Within the data that follows, set down exactly the lines from the one containing "公寓 In Armsfeld With Pool 贝格弗莱海特" through the one containing "1597927264105638.jpg 佛甲草1_副本.jpg", both ends included.

(The data):
◇ ◇ ◇ ◇ ◇

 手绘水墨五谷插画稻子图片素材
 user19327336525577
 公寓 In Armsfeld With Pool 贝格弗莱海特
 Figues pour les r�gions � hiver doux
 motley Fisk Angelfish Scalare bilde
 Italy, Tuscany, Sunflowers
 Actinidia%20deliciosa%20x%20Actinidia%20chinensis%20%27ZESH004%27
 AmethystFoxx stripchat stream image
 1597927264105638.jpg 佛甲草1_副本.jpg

◇ ◇ ◇ ◇ ◇

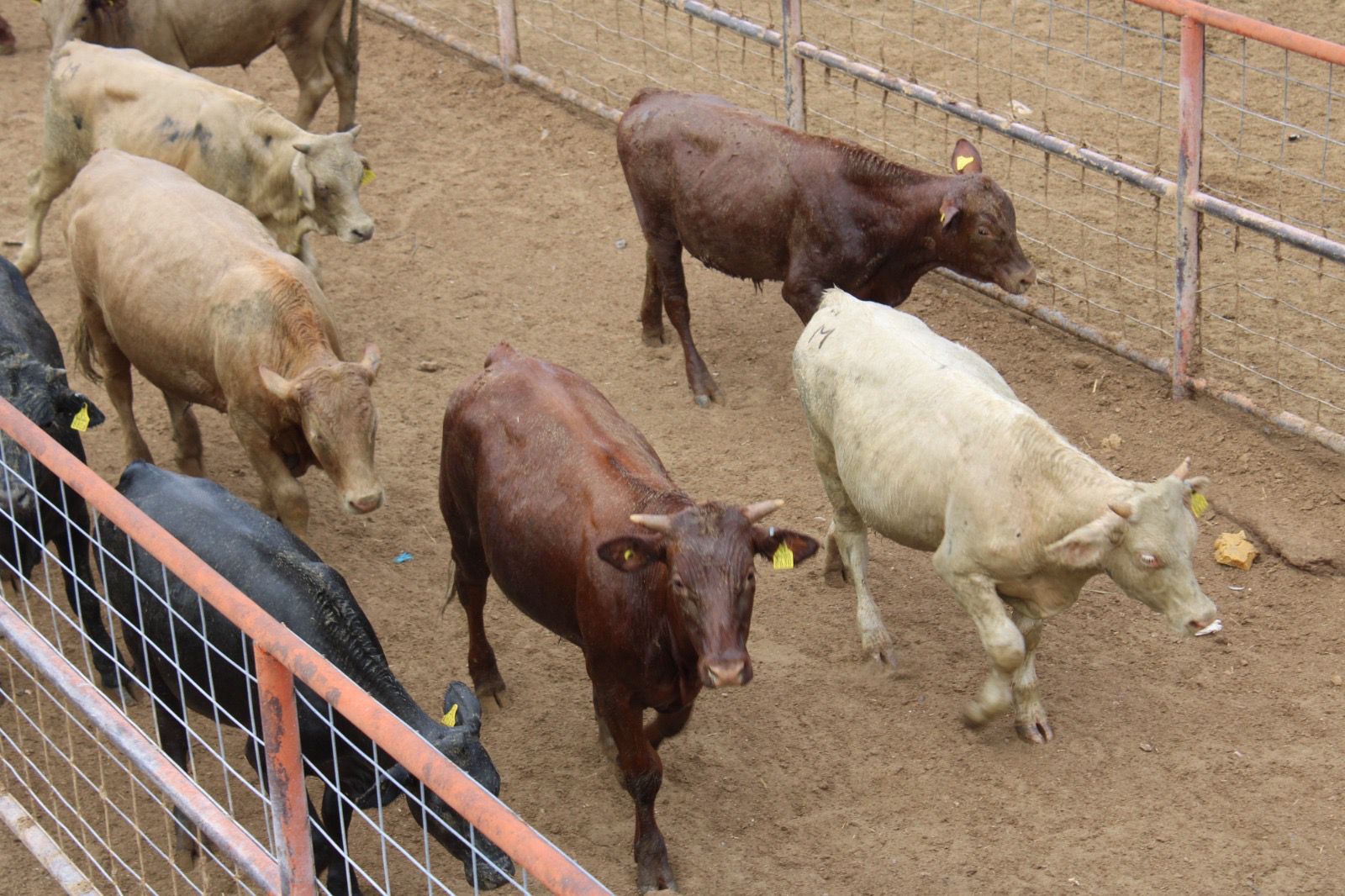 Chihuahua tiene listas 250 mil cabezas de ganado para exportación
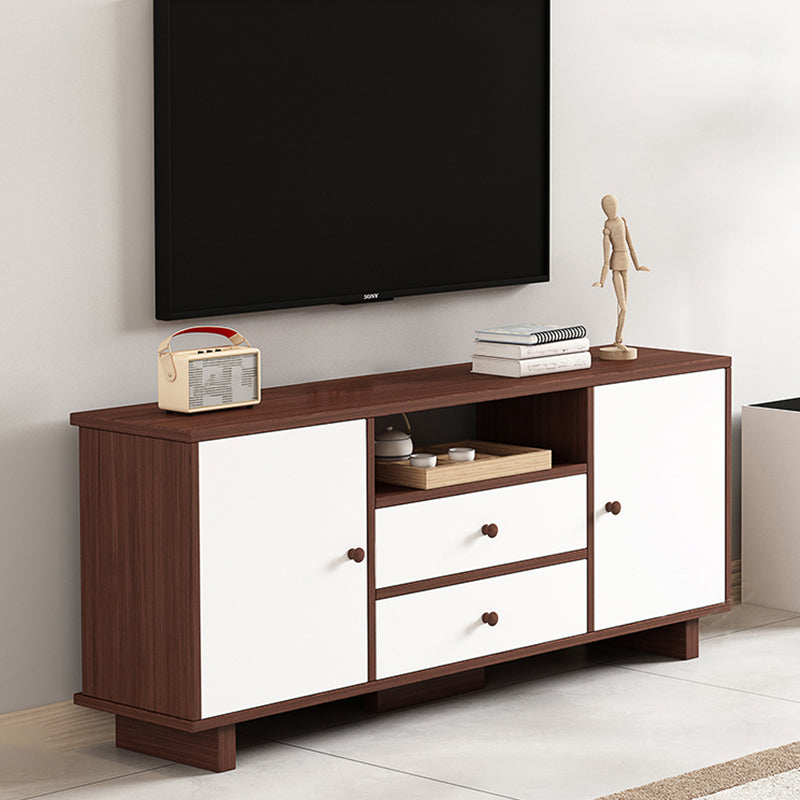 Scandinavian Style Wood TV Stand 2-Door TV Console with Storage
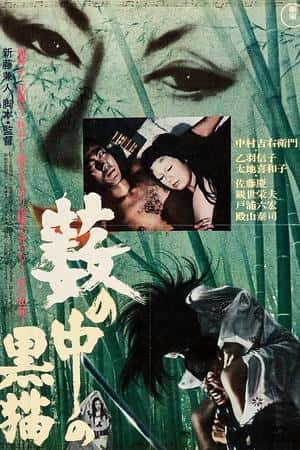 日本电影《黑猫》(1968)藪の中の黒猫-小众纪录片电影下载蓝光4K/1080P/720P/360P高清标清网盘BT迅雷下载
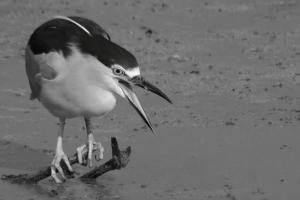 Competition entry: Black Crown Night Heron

◇ ◇ ◇ ◇ ◇

(Completed exercise):
 公寓 In Armsfeld With Pool 贝格弗莱海特
 Figues pour les r�gions � hiver doux
 motley Fisk Angelfish Scalare bilde
 Italy, Tuscany, Sunflowers
 Actinidia%20deliciosa%20x%20Actinidia%20chinensis%20%27ZESH004%27
 AmethystFoxx stripchat stream image
 1597927264105638.jpg 佛甲草1_副本.jpg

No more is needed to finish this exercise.